• [TRY IT] Please reproduce the entries below exactly from the line holding "МНОГОРАЗОВАЯ ВОДНАЯ РАСКРАСКА." through the last line, both included, and omit any pictures.

Collected data entries:
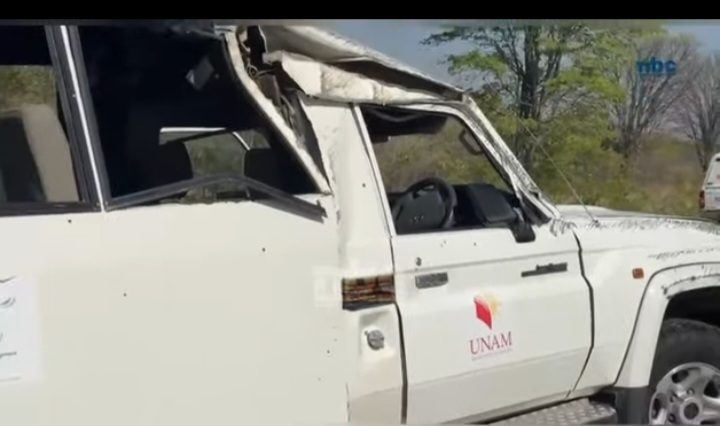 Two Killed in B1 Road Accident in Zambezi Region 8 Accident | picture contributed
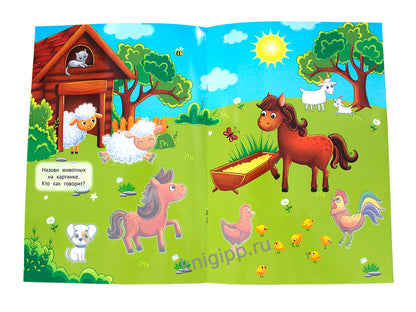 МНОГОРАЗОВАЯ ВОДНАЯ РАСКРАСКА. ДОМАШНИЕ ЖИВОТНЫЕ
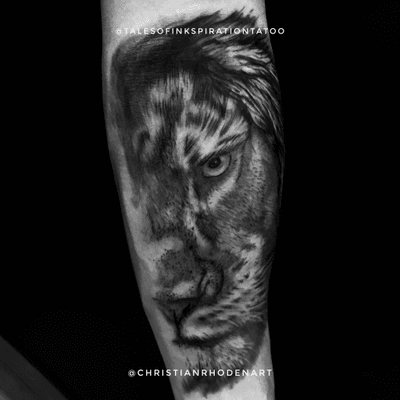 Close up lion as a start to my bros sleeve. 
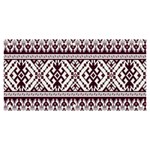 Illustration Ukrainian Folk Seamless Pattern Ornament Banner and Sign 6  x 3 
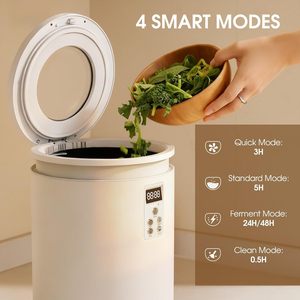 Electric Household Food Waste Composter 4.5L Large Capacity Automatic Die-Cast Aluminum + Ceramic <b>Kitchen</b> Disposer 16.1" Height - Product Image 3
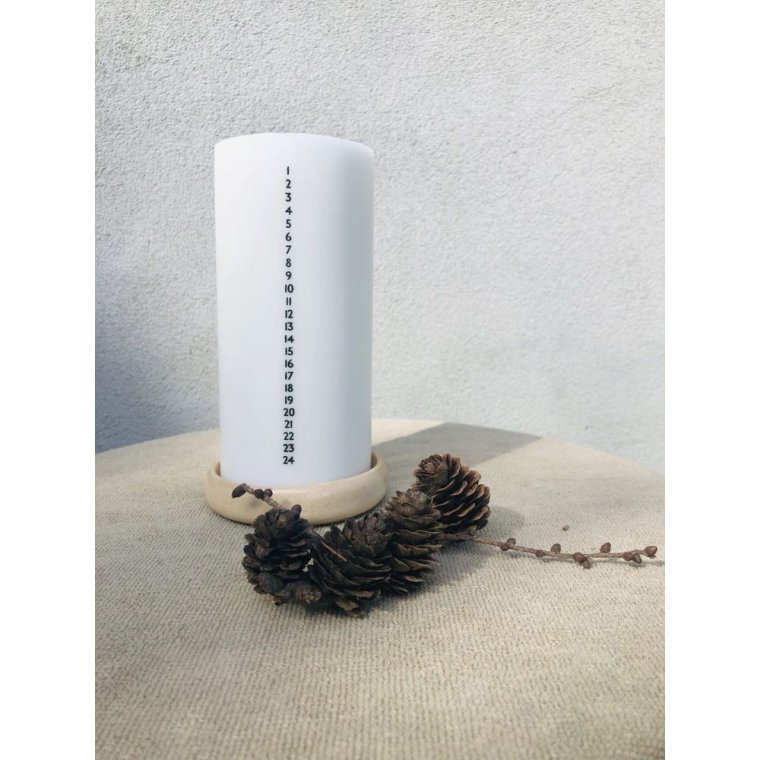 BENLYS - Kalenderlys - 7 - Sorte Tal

• [REPLY TO THE EXERCISE]
 МНОГОРАЗОВАЯ ВОДНАЯ РАСКРАСКА. ДОМАШНИЕ ЖИВОТНЫЕ
 Close up lion as a start to my bros sleeve. 
 Illustration Ukrainian Folk Seamless Pattern Ornament Banner and Sign 6  x 3 
 Electric Household Food Waste Composter 4.5L Large Capacity Automatic Die-Cast Aluminum + Ceramic <b>Kitchen</b> Disposer 16.1" Height - Product Image 3
 BENLYS - Kalenderlys - 7 - Sorte Tal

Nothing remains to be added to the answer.